Gorden and I got in at 10pm last night I had to wait for the meals to cool put them in containers then we drove over to her an stopped for something quick and easy on the way home and got our tea at just after 10pm.
I feel like doing a moonlight flit. We have been doing some searching on the net at houses, but we would have to look around Kent way as Gorden works in London also I would be able to visit like I do now once a week when things are relatively normal, but far enough away to not be able to do what I do now. I will not be popular I know, and we still have things to do to our house so we could get its potential price and make a relatively quick sale, still thinking about it keeps me going. I am at that point hey-ho.
I am saying I am not even sure if I can be bothered to go away I am so fed up with it all. But Gorden is working me and I expect he will win he usually does.

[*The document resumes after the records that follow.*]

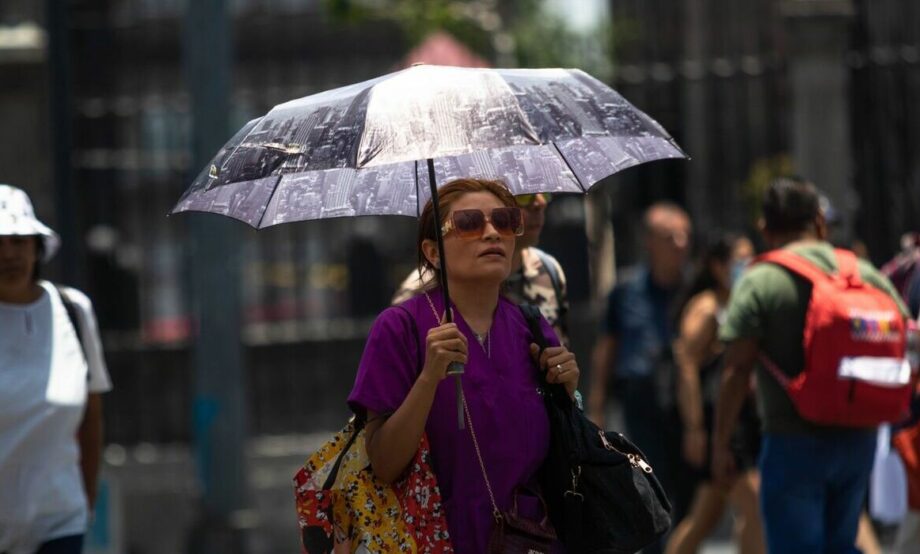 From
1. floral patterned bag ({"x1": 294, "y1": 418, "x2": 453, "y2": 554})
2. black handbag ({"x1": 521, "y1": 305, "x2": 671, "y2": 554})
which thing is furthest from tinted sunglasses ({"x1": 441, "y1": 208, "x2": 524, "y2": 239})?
floral patterned bag ({"x1": 294, "y1": 418, "x2": 453, "y2": 554})

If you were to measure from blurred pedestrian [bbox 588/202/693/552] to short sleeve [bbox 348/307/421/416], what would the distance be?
14.4ft

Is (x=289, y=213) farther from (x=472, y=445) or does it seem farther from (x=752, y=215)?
(x=752, y=215)

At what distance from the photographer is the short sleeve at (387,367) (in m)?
4.02

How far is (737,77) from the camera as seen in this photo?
10.9 m

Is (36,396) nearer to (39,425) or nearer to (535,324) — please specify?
(39,425)

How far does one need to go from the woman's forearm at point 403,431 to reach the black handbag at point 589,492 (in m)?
0.35

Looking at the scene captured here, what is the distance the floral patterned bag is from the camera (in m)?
4.00

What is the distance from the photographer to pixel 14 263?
18.5 feet

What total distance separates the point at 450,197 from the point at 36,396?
1904 millimetres

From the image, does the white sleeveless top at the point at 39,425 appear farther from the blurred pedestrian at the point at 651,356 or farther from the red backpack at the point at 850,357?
the blurred pedestrian at the point at 651,356

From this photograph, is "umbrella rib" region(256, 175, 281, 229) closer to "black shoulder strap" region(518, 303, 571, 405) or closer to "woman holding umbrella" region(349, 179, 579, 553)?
"woman holding umbrella" region(349, 179, 579, 553)

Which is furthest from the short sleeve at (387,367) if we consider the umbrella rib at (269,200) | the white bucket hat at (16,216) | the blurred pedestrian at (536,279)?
the white bucket hat at (16,216)

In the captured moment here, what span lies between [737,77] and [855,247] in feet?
5.04

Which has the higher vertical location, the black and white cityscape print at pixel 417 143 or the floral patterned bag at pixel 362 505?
the black and white cityscape print at pixel 417 143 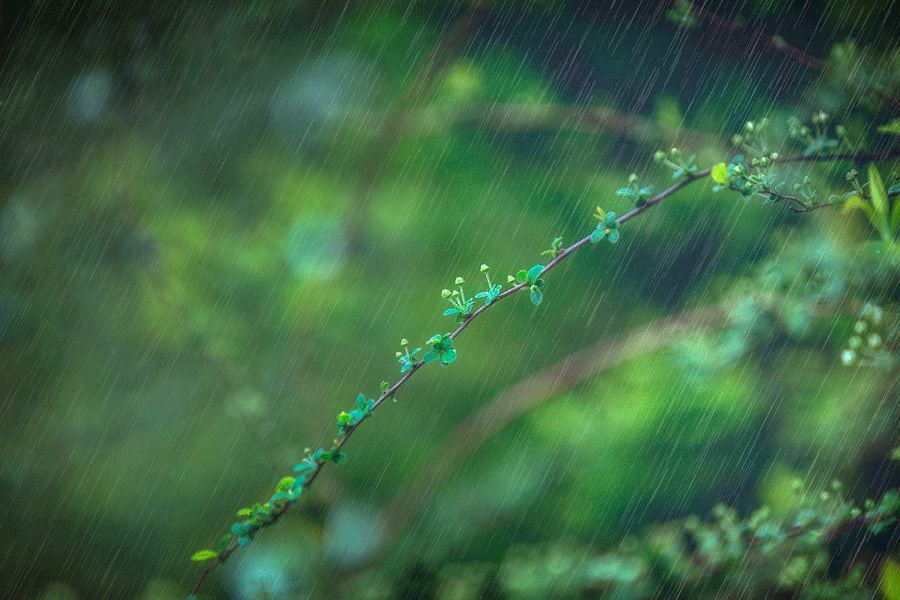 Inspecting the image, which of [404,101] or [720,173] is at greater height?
[404,101]

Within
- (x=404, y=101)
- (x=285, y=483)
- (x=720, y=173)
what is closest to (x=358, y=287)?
(x=404, y=101)

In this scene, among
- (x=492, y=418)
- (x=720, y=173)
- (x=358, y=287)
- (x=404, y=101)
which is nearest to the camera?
(x=720, y=173)

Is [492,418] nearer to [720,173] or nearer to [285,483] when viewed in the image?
[285,483]

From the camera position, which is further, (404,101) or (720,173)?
(404,101)

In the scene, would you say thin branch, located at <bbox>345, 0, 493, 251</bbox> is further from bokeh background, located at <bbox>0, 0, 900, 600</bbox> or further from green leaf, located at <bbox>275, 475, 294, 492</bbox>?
green leaf, located at <bbox>275, 475, 294, 492</bbox>

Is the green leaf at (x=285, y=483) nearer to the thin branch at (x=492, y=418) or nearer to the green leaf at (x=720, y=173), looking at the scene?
the green leaf at (x=720, y=173)

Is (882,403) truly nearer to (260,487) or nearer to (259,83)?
(260,487) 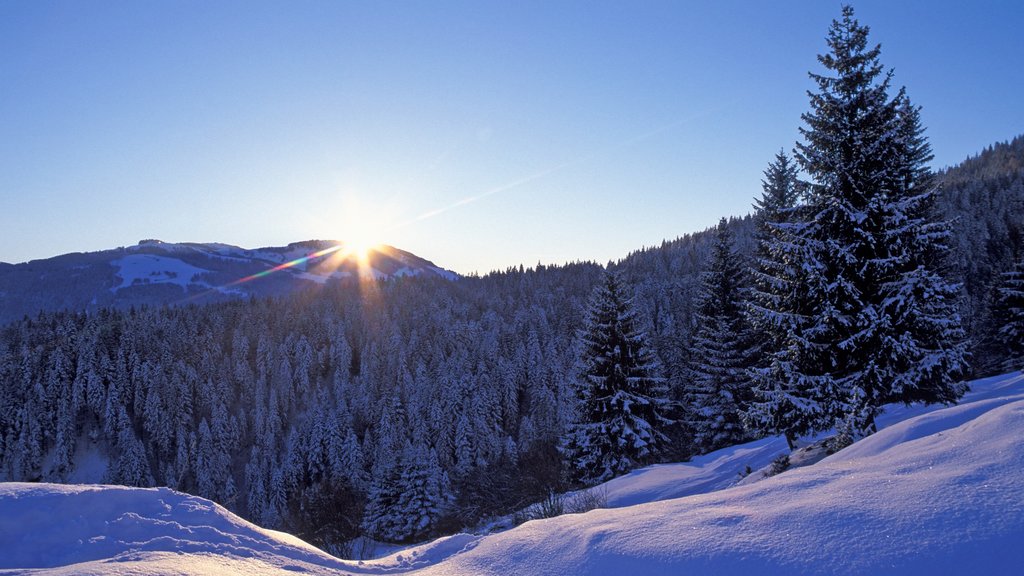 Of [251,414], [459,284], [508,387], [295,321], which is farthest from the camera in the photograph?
[459,284]

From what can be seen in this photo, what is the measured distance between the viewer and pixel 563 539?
15.9 feet

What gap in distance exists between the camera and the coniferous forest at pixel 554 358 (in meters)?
12.8

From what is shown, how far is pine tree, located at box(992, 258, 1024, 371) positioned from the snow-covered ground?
36.1 m

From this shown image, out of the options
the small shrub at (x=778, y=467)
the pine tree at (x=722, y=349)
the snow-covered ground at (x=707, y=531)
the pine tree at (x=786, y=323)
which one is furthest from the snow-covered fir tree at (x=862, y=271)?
the pine tree at (x=722, y=349)

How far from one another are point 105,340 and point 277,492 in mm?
50245

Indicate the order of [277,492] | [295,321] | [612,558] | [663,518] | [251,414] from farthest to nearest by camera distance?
[295,321] → [251,414] → [277,492] → [663,518] → [612,558]

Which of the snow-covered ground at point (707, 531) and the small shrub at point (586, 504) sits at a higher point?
the snow-covered ground at point (707, 531)

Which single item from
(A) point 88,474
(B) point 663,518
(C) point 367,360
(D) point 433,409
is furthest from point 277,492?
(B) point 663,518

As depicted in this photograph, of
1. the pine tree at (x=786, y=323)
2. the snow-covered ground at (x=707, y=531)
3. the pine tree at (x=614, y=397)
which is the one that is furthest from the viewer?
the pine tree at (x=614, y=397)

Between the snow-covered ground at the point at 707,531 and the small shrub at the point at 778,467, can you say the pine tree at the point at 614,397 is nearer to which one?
the small shrub at the point at 778,467

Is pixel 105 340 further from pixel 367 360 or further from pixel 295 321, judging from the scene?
pixel 367 360

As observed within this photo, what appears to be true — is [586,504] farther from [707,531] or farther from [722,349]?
[722,349]

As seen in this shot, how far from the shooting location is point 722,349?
24484 millimetres

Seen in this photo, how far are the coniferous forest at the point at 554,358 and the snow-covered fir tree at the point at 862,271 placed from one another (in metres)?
0.07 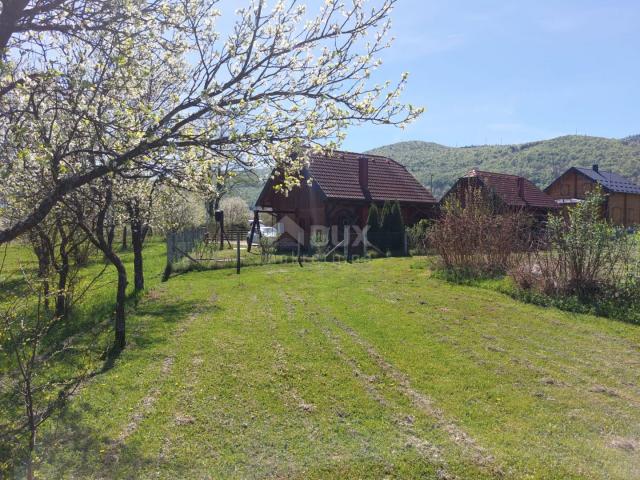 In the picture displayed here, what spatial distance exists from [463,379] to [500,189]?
952 inches

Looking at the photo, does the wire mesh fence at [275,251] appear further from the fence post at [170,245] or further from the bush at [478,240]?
the bush at [478,240]

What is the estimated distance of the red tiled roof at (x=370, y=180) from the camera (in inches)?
838

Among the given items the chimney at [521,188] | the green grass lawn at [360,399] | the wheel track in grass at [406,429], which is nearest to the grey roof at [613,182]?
the chimney at [521,188]

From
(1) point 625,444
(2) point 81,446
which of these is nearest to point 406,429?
(1) point 625,444

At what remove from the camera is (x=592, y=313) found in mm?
7965

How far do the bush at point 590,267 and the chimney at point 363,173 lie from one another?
1368cm

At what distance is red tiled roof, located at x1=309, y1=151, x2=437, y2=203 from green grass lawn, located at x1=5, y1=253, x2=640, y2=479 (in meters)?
13.8

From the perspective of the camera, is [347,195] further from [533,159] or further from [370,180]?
[533,159]

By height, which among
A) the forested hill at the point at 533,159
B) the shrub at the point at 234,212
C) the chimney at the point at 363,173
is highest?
the forested hill at the point at 533,159

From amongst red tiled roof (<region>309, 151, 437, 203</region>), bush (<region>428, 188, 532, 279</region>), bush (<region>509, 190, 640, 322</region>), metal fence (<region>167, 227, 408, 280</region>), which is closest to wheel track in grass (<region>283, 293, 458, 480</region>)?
bush (<region>509, 190, 640, 322</region>)

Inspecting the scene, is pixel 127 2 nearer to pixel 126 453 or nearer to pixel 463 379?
pixel 126 453

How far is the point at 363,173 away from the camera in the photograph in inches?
893

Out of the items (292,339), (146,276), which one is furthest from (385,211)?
(292,339)

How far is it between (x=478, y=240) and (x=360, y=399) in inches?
335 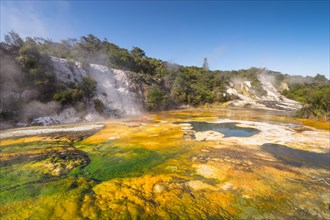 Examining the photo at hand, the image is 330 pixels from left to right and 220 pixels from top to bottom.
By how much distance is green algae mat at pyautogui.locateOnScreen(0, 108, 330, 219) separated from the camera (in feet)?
21.6

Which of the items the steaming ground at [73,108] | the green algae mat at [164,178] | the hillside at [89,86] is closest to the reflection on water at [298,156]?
the green algae mat at [164,178]

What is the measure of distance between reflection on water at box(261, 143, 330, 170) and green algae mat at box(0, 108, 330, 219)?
0.06m

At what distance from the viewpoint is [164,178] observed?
8.92 meters

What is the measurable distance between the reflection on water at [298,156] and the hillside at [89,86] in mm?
18595

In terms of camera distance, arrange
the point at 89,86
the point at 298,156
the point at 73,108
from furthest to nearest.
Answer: the point at 89,86, the point at 73,108, the point at 298,156

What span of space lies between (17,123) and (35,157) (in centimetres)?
1218

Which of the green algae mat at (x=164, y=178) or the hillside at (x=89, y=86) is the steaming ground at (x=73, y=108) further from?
the green algae mat at (x=164, y=178)

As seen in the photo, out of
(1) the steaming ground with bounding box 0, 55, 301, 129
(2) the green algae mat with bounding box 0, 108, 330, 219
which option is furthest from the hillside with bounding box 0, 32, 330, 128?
(2) the green algae mat with bounding box 0, 108, 330, 219

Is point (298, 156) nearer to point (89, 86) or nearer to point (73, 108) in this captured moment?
point (73, 108)

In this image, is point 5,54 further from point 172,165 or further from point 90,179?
point 172,165

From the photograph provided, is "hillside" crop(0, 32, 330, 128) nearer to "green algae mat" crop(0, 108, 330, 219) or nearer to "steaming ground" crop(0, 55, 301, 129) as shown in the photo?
"steaming ground" crop(0, 55, 301, 129)

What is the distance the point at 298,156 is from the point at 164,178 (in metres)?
9.03

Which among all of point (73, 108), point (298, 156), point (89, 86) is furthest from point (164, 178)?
point (89, 86)

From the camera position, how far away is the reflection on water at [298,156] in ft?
36.0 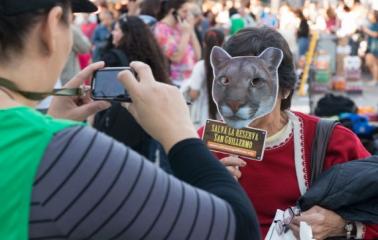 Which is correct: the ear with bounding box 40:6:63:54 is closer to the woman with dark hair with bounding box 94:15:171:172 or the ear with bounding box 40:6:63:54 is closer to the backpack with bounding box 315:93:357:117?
the woman with dark hair with bounding box 94:15:171:172

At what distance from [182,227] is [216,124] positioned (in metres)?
1.00

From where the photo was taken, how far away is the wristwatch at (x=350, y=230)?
208cm

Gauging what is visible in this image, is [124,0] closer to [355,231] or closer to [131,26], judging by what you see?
[131,26]

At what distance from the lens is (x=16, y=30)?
1154 millimetres

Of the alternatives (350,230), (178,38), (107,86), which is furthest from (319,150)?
(178,38)

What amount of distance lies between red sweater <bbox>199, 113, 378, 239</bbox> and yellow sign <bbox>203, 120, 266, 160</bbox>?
6.2 inches

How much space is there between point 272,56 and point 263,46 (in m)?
0.07

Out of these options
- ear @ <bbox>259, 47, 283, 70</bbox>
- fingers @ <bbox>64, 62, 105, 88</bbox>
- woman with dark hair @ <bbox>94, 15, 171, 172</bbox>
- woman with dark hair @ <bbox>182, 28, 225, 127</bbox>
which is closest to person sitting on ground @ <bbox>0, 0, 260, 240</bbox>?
fingers @ <bbox>64, 62, 105, 88</bbox>

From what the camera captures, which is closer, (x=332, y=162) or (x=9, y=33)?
(x=9, y=33)

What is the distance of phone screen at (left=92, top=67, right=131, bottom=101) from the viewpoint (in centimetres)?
152

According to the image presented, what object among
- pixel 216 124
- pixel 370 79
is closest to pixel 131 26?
pixel 216 124

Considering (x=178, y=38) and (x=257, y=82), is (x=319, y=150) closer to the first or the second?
(x=257, y=82)

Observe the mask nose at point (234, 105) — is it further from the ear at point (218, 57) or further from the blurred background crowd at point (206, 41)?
the blurred background crowd at point (206, 41)

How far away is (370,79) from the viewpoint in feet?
48.0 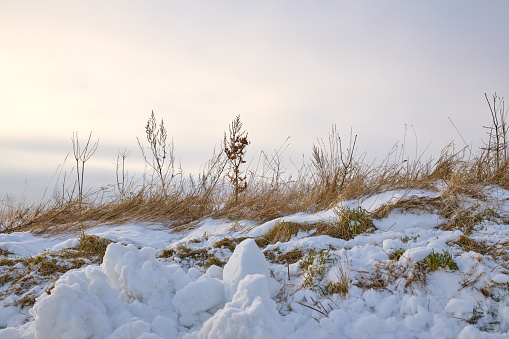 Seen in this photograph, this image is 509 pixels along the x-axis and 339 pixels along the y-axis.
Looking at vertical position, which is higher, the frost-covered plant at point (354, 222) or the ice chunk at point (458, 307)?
the frost-covered plant at point (354, 222)

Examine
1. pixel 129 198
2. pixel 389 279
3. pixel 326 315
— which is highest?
pixel 129 198

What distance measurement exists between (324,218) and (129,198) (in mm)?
3495

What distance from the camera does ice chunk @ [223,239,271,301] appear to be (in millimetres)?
2449

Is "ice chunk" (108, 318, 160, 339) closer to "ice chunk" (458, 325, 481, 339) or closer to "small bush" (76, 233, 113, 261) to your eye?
"ice chunk" (458, 325, 481, 339)

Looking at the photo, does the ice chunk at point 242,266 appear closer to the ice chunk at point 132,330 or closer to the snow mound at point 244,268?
the snow mound at point 244,268

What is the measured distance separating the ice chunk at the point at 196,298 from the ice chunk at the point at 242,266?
0.13 meters

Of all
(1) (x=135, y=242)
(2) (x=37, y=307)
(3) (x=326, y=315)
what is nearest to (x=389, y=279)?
(3) (x=326, y=315)

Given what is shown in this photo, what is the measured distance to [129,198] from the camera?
595 cm

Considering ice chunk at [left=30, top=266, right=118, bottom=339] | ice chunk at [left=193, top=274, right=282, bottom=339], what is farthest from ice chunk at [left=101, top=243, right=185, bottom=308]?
ice chunk at [left=193, top=274, right=282, bottom=339]

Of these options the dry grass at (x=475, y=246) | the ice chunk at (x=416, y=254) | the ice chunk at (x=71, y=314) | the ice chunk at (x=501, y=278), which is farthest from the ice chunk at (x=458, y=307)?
the ice chunk at (x=71, y=314)

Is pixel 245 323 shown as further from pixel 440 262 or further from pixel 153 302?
pixel 440 262

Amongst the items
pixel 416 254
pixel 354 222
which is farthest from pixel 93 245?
pixel 416 254

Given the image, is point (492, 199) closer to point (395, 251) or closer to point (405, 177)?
point (405, 177)

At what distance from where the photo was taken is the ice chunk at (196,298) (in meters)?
2.28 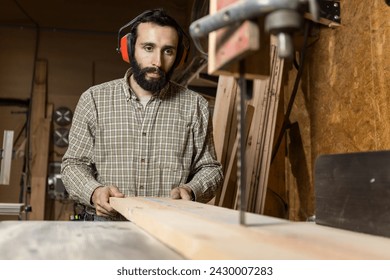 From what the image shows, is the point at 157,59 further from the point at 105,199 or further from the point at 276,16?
the point at 276,16

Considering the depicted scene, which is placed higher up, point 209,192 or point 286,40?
point 286,40

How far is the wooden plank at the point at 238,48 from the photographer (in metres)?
0.62

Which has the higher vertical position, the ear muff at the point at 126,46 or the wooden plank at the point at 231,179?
the ear muff at the point at 126,46

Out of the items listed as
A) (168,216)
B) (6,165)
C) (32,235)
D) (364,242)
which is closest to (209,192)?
(168,216)

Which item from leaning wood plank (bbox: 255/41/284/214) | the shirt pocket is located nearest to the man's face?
the shirt pocket

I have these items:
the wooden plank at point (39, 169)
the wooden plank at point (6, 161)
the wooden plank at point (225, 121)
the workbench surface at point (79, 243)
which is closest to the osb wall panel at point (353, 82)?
the wooden plank at point (225, 121)

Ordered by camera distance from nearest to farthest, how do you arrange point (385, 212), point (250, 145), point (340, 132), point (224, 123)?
point (385, 212), point (340, 132), point (250, 145), point (224, 123)

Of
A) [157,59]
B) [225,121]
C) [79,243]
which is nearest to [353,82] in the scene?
[225,121]

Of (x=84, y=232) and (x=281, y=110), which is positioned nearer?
(x=84, y=232)

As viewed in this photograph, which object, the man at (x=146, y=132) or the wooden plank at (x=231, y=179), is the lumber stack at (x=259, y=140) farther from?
the man at (x=146, y=132)

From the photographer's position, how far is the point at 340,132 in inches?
86.8

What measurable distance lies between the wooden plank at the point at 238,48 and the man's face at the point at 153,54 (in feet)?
3.81

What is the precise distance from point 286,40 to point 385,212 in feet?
1.14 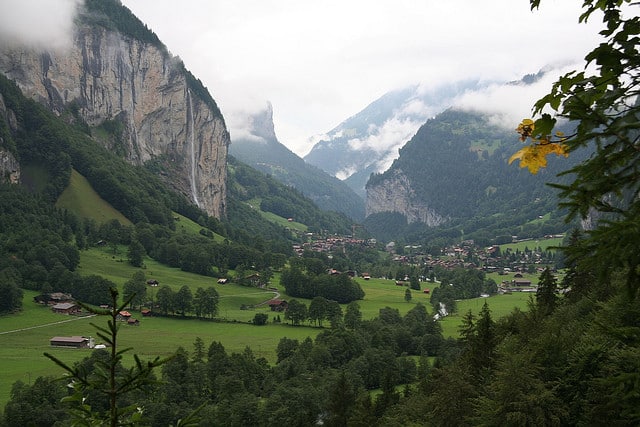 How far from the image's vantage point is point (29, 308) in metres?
95.8

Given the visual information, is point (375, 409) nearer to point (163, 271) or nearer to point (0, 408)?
point (0, 408)

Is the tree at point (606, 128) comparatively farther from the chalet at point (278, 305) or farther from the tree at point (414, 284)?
the tree at point (414, 284)

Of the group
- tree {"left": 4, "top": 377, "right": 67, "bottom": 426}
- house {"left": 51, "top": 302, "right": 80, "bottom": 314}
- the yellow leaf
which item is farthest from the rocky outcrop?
the yellow leaf

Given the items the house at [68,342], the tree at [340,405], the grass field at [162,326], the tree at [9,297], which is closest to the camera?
the tree at [340,405]

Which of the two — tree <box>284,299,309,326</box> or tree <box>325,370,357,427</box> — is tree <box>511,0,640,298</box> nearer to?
tree <box>325,370,357,427</box>

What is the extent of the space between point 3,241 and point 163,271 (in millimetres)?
36571

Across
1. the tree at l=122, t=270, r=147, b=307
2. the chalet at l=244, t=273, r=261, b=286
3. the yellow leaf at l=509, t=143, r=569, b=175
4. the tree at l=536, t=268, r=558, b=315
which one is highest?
the yellow leaf at l=509, t=143, r=569, b=175

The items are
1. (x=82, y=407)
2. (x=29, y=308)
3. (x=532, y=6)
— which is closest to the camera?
(x=532, y=6)

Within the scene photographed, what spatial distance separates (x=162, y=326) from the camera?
308 ft

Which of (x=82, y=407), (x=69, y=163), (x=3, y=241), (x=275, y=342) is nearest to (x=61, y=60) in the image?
(x=69, y=163)

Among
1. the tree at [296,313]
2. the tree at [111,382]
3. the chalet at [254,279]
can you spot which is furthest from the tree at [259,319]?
the tree at [111,382]

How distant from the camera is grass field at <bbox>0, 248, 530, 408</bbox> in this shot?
226ft

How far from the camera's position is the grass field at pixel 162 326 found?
226 ft

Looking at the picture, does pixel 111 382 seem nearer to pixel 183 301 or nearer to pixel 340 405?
pixel 340 405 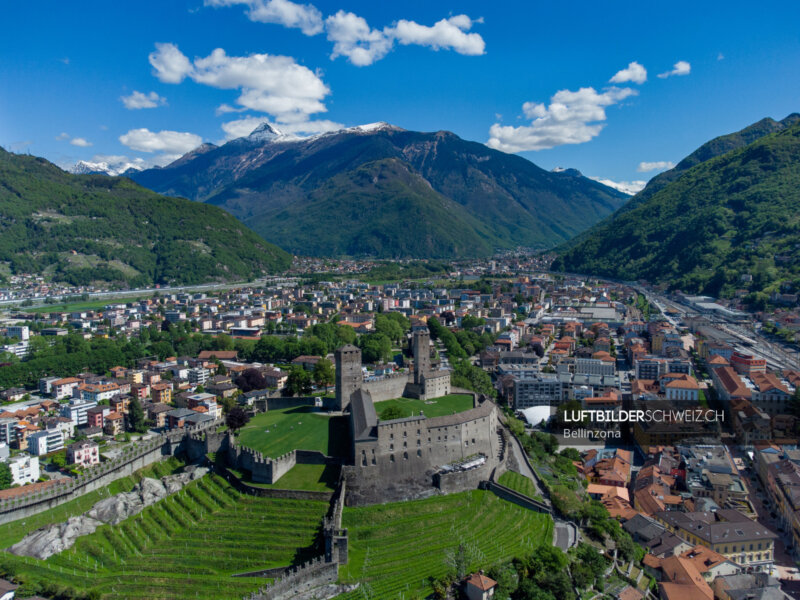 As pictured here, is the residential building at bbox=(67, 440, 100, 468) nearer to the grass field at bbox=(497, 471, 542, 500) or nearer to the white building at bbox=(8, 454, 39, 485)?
the white building at bbox=(8, 454, 39, 485)

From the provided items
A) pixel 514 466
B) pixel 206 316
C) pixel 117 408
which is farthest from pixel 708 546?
pixel 206 316

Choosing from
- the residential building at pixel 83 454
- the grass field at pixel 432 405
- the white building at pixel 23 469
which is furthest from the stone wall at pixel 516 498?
the white building at pixel 23 469

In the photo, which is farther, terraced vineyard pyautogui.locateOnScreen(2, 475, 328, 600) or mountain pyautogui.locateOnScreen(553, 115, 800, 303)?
mountain pyautogui.locateOnScreen(553, 115, 800, 303)

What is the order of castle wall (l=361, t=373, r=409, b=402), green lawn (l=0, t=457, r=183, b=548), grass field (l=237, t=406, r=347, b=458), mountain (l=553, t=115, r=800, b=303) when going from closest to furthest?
green lawn (l=0, t=457, r=183, b=548) < grass field (l=237, t=406, r=347, b=458) < castle wall (l=361, t=373, r=409, b=402) < mountain (l=553, t=115, r=800, b=303)

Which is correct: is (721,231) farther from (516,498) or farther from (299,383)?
(516,498)

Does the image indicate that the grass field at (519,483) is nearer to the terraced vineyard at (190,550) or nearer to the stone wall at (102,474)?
the terraced vineyard at (190,550)

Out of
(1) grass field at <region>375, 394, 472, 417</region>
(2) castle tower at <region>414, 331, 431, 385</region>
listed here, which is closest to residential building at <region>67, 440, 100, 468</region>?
(1) grass field at <region>375, 394, 472, 417</region>

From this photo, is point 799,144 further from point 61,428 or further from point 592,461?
point 61,428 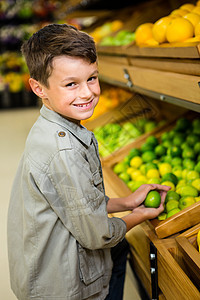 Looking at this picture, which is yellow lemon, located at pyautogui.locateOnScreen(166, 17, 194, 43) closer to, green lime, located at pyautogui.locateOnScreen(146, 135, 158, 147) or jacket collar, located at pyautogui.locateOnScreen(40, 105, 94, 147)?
jacket collar, located at pyautogui.locateOnScreen(40, 105, 94, 147)

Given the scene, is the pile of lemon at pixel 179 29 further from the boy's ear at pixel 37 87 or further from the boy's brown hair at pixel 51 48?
the boy's ear at pixel 37 87

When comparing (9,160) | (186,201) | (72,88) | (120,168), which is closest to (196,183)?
(186,201)

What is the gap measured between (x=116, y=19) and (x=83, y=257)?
11.8 feet

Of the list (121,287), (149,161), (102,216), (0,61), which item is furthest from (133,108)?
(0,61)

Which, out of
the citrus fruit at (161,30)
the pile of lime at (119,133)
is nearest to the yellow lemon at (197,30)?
the citrus fruit at (161,30)

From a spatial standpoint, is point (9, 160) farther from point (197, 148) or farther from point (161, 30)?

Really I will be ok, I get down for a day or two then bounce back and come back fighting.
How are you today ?
Can't get hold of the Care agency but Mum now has enough to keep her going for a few days and I can contact them Tuesday and hopefully sort it all out again. Even when I am away I have to deal with stuff Gill did offer to do it but I don't think she should she is recovering herself. I have been bending her ear about how I feel this morning and now feel bad about that, I must of been bad in a previous life.
I am still keeping fingers crossed something happened yesterday and they will be there today and it will all be as it was set up to be.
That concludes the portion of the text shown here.